» Task
In the material below, find the line that contains "Used MXR Carbon Copy Effect Pedal" and the line that contains "مودم همراه 4G/LTE", then write out exactly those two lines and everything between them.

» Exercise data
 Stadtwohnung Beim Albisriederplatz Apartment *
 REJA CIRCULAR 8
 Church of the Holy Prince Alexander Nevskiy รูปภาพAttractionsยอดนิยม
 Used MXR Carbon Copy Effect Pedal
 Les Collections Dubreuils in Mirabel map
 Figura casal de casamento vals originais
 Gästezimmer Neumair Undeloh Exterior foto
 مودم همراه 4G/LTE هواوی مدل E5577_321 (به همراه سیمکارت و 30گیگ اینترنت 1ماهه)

--

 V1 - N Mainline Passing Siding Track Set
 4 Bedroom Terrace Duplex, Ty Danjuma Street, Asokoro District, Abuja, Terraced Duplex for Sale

» Finished exercise
 Used MXR Carbon Copy Effect Pedal
 Les Collections Dubreuils in Mirabel map
 Figura casal de casamento vals originais
 Gästezimmer Neumair Undeloh Exterior foto
 مودم همراه 4G/LTE هواوی مدل E5577_321 (به همراه سیمکارت و 30گیگ اینترنت 1ماهه)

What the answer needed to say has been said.